Photography as a magical and transitional object, following the paths of literature, visual and fine arts, gave an opportunity to many modern artists to dream about their possible past, express their anxiety, parody the absurdity of everyday life and try to change the course of things.
It is true that photography, forced for a long time to be content with the role of the «mirror of nature» or, in the words of William Henry Fox Talbot, to be «the pencil of nature», i.e. the only true opportunity to faithfully depict reality, little by little managed to enforce its provocative power over the imaginative.
Oscar Rejlander, an English artist of Swedish origin, was one of those who gave a start to some interesting polemic, when in 1857 he demonstrated to the public The Two Ways of Life, a collection of thirty photographs which represented a large-scale allegory of vice and virtue. It was highly praised by Queen Victoria, but attacked by critics, because the artist used a combination of several negatives.
Some were infuriated and alarmed by this ruse, while others saw here an opportunity to test their imagination. Rejlander explained his method in 1863 when he wrote a work titled «The Apology of Photographic Art». Since then the character of photography began to change: models were dressed in a particular way, stage-sets created, different technical adjustments used, including, at a much later date, computers. This evolution overjoyed Lewis Carroll, who exclaimed: «From now on photography as a creation of the spirit reduced the art of the novel to a level of somewhat mechanical work». Lewis Carroll was doubtless a talented amateur photographer and his pictures with little Alice Liddell, who served as a prototype for «Alice in Wonderland», must have given him a lot of inspiration for writing this book.
Later photographers, who worked under the influence of English Pre-Raphaelites or the followers of the Photo-Secession movement with their preference for Art Nouveau, would defend their right to express their feelings and emotions on film. This right usually meant creating genre scenes, often imitating fine art, and in this way pursuing the goal of art for art’s sake, as it was understood by Charles Baudelaire. In other words: «to create suggestive magic, containing at the same time the object and the subject, both the world outside the artist and the artist himself».
The Surrealist revolution was still more radical and gave the artist an instrument capable of not only expressing his feelings, but his image of the world.

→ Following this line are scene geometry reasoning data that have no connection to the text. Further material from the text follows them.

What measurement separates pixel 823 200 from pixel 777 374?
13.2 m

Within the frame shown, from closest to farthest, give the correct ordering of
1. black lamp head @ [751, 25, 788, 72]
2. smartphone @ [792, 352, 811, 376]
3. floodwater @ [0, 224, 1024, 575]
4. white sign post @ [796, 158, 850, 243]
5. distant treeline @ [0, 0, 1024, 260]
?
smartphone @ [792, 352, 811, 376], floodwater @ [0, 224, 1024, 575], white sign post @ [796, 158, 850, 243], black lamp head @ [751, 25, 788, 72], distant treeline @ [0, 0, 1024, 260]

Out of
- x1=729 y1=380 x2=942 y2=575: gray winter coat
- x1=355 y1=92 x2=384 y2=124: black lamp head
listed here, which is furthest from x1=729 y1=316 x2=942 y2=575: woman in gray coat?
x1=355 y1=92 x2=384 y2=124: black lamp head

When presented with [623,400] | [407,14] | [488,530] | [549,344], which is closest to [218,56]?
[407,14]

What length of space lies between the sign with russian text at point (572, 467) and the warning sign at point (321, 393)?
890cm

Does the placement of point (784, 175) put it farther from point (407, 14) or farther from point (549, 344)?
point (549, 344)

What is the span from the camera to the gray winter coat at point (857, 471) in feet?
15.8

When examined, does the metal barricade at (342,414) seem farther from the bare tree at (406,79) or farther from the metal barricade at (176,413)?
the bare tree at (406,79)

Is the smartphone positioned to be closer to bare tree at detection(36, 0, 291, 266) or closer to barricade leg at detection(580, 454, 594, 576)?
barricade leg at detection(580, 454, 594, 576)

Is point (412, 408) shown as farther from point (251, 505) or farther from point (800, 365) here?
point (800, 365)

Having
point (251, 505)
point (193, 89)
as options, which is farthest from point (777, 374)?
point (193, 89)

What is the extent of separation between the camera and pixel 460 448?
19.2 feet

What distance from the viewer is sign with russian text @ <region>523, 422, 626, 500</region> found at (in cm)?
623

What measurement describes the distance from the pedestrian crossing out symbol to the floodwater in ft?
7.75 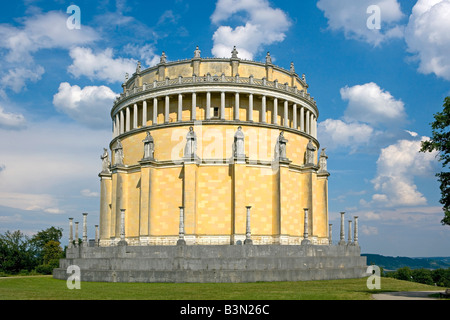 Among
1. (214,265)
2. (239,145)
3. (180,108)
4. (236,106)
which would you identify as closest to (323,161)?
(236,106)

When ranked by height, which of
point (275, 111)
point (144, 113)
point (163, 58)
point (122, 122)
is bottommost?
point (122, 122)

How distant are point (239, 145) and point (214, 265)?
1310cm

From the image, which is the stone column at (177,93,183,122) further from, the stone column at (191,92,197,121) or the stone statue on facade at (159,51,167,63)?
the stone statue on facade at (159,51,167,63)

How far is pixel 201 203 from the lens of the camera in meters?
42.7

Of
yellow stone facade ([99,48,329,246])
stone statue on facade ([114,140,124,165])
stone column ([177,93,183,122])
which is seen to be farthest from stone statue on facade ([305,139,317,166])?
stone statue on facade ([114,140,124,165])

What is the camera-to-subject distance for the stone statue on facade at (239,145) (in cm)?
4221

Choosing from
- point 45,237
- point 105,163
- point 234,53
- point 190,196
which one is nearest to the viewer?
point 190,196

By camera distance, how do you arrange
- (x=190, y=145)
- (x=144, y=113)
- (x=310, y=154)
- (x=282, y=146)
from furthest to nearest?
(x=310, y=154) < (x=144, y=113) < (x=282, y=146) < (x=190, y=145)

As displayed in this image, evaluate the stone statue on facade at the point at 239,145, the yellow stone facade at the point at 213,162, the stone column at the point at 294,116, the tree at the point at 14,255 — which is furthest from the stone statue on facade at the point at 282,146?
the tree at the point at 14,255

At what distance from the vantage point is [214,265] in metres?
33.0

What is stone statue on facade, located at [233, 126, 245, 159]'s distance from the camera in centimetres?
4221

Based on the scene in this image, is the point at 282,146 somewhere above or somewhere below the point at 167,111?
below

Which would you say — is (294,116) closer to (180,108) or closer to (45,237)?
(180,108) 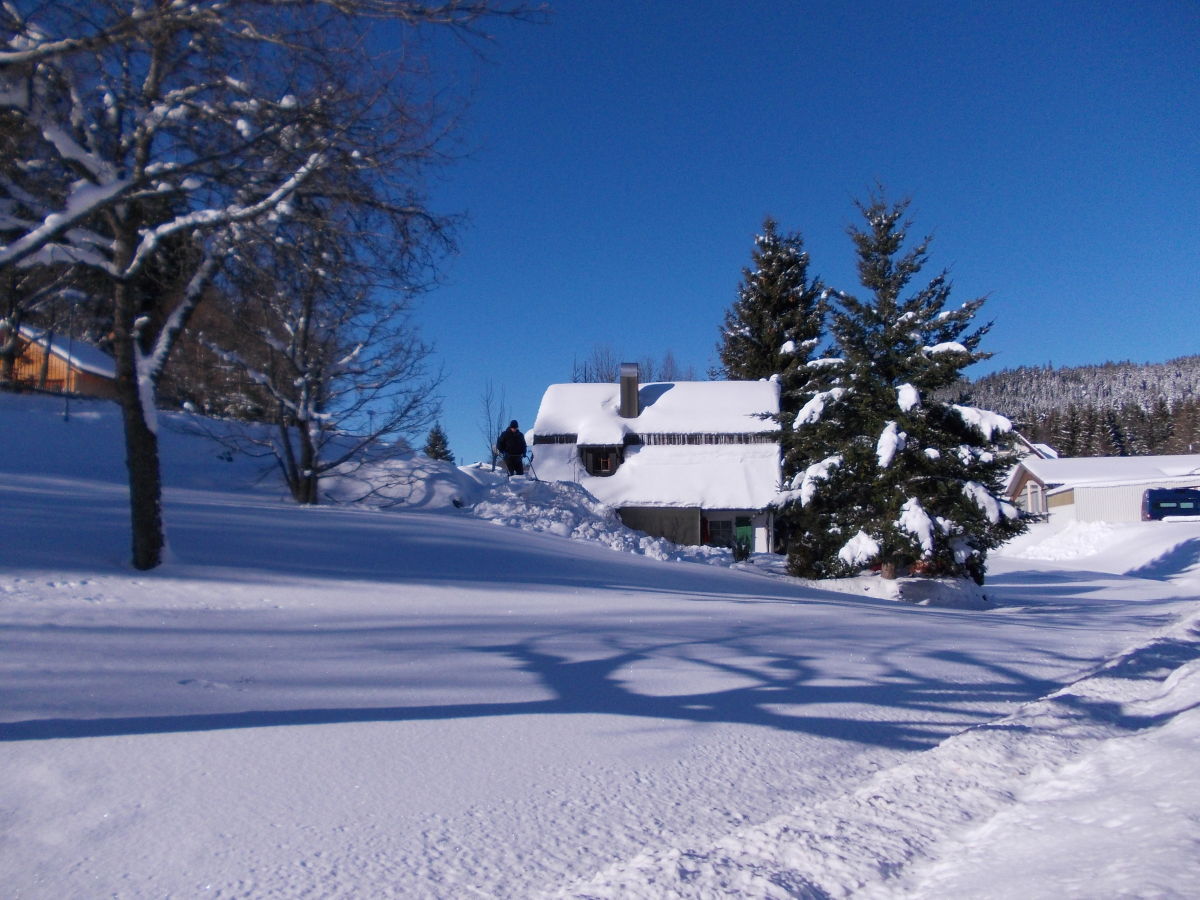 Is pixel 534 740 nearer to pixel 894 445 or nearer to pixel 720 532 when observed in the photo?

Photograms, solarization, collage, double exposure — all these are used to transform the essence of things and allow us, in the words of the American photographer Henry Hauls Smith, «to place the power of a descriptive illusion at the service of allusion». So now people were talking about how to express ideas, not simply how to describe what surrounds you.
In the late 70s, after a long period of photography’s triumphal march in the role of a documentary instrument for studying man, the world and the universe, a new generation of artists added to the many technical achievements of the medium different gadgets, figures, signs or models, thus staging their doubts, concerns or even whole fictitious autobiographies, in order to put a spell on their fears and create a more acceptable society.

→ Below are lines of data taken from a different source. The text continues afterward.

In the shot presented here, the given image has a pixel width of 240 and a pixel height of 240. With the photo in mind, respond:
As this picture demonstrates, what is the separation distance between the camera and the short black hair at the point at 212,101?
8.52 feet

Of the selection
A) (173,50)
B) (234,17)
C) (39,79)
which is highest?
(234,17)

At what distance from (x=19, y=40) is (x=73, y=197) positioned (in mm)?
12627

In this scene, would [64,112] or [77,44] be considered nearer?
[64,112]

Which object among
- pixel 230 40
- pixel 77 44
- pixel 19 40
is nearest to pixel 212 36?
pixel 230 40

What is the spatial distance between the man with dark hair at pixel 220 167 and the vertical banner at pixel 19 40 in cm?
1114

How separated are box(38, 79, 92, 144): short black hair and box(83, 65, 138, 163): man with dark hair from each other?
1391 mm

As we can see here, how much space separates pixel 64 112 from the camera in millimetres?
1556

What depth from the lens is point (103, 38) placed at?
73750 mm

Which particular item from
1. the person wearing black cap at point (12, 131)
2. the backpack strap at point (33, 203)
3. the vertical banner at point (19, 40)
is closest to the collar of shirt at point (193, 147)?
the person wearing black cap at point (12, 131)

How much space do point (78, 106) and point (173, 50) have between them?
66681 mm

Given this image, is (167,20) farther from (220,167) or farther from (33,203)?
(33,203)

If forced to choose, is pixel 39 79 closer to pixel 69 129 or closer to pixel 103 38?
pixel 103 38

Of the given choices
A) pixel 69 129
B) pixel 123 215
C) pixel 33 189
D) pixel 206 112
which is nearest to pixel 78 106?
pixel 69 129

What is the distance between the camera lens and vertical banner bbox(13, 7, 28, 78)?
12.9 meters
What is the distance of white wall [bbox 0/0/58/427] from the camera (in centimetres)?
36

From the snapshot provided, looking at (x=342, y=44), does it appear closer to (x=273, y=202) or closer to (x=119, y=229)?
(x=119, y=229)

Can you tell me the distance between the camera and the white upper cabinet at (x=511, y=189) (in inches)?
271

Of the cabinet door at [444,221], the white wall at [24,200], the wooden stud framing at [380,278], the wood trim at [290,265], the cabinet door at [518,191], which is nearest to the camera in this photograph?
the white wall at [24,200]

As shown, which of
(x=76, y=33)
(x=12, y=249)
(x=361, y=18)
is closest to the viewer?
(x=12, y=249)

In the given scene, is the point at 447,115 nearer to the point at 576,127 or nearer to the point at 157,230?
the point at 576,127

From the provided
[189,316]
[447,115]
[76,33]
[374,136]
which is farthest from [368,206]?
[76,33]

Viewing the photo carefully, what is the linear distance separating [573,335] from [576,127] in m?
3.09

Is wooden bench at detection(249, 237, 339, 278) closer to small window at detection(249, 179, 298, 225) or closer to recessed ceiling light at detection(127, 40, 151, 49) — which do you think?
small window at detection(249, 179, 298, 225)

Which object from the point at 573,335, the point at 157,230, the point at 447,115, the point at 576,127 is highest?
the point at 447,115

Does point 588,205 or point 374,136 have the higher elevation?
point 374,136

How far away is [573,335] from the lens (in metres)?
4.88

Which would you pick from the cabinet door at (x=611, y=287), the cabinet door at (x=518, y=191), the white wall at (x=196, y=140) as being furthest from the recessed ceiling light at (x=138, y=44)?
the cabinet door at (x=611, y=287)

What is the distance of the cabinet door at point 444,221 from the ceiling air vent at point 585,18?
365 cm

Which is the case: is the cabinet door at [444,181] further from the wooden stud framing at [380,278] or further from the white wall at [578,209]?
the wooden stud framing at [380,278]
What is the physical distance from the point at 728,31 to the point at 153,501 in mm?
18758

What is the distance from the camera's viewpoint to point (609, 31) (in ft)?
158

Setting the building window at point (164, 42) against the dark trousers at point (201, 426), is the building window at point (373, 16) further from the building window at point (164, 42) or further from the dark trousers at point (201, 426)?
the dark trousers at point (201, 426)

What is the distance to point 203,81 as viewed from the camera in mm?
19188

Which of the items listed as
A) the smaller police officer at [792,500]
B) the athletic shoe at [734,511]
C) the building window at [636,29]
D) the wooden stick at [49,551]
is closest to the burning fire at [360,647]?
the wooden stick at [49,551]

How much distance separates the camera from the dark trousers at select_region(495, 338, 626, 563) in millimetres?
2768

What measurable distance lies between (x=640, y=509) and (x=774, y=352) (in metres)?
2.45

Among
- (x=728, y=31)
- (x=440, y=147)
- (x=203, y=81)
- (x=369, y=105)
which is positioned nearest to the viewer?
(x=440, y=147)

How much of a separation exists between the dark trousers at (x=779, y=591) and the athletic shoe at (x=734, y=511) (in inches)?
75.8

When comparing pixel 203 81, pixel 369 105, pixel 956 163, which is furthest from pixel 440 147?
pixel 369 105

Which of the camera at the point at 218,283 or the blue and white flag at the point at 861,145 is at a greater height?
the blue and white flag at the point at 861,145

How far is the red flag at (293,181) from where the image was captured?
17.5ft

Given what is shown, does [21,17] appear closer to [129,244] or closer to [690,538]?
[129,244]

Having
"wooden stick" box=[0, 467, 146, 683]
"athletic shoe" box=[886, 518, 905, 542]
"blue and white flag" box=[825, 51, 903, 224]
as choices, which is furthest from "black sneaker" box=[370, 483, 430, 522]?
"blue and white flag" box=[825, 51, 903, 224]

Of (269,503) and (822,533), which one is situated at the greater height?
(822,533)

It is evident that for them the vague and unpleasant laws of normal life are replaced in the space of the picture and in photographic time by clear, but arbitrary rules that they set for themselves. The game is to invent answers to burning questions, while knowing that at any moment one can close the shutter and leave the playground.
Often the autobiographical element is the main axis of their images. Thus we can see Tom Drakhos, who became famous with his reports, right after the Prague Spring and his emigration to France, creating a series of scenes, where one can see plastic figures, — some are wounded, maimed or have their mouths bandaged, a real symbol of their freedom gone.

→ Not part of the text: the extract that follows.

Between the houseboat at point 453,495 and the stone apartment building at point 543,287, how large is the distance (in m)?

Nevertheless inventing parallel lives gives an opportunity to feel oneself happy — like Morimura, entering the personage of Brigitte Bardot; or to imagine yourself being a hero among legendary stars — like Olivier Rebufa, creating a new Dolce Vita, without the trouble of analyzing the meaning of those fictitious moments of happiness, for which he drags a Barbie from one banal shot to another.
Like children, photographers unhesitatingly endow with magic the fairy-tales they tell to themselves, as well as the artifacts which are expected to revive society. This is how Joan Rabascall works: in his project entitled «My Collection» he demonstrates the triteness of TV shows by a series of images reproduced on toy screens, trying to convince us how an immoderate consumption of these pictures can only become something senseless and boring. In the same manner Abigail Lain describes with sober irony a crime scene in a detective movie, all the springs of which are known beforehand; or Pierre and Gilles in the series Washing Powder unmask the triviality of an ad.
We can also notice that some of the objects exist within the strange world of children’s literature: Gregory Krewdson meets Gulliver; while the silent adventures of things, told by Agnes Propeck, are reminiscent of the world of the Queen of Hearts, created by Lewis Carroll. These shots are not provocative. At other times authors joyfully jeer at the senselessness of things.
An artist, playing with creating an imaginary personality, «temporary forgets, decorates, undresses his individuality, pretending to be something else». The first element that is used for building a new image is, doubtless, a mask, symbolizing an intermediary object between the individual, on the one hand, and the divine, the supernatural, death, the unseen and other people, on the other. A person who puts on a mask wishes to stay nameless. This is why for security reasons Drakhos’ small figures are wearing masks; however the impossibility and the emptiness of the mask’s frozen expression make us believe, like Sugimoto, that masks are «fixed dreams». It was often noted that a mask hides the social qualities of man and opens up his true essence. The same things happen with the change of dress in the Michael Jackson series, created by Valeri Belin.
Nowadays imagining and pretending became constant notions in the dictionary of modern art because of the evolution of the photographing method. Freeing themselves from the technical limitations, connected with the process of shooting, artists found an aid in computer programs, which helped them liberate their imagination and construct real «imitations», as we see them in the Japanese scenes of Pascal Monteil or in the strange, but credible models of Ignez Lamsveerde. Apart from that, owing to the fact that photography escaped from the printed page and turned into a picture on a wall, artists began to borrow certain features of fine art and often, in creating their images, use the whole wealth of the preceding cultural tradition: such is the connection with art history of Bae or Balogh, movie images in Al Janabi and historical quotations in Sugimoto. Sometimes they parody the language of advertisements, as is the case of Pierre and Gilles, or replay scenes from everyday life, creating what is now called the «new documentary genre».
In other cases an artist carries on with the game of pretending to create a history of a personage, to whom he gives his own face; we see that in the works of Lauri Simmons, Teun Hocks, Abigail Lan or Morimura. The problem here is not only to build a small mise-en-scene, but to immerse into the world of imaginative autobiographies.
Only in this context and paying this price is it possible to influence the world in some way and to try to change it.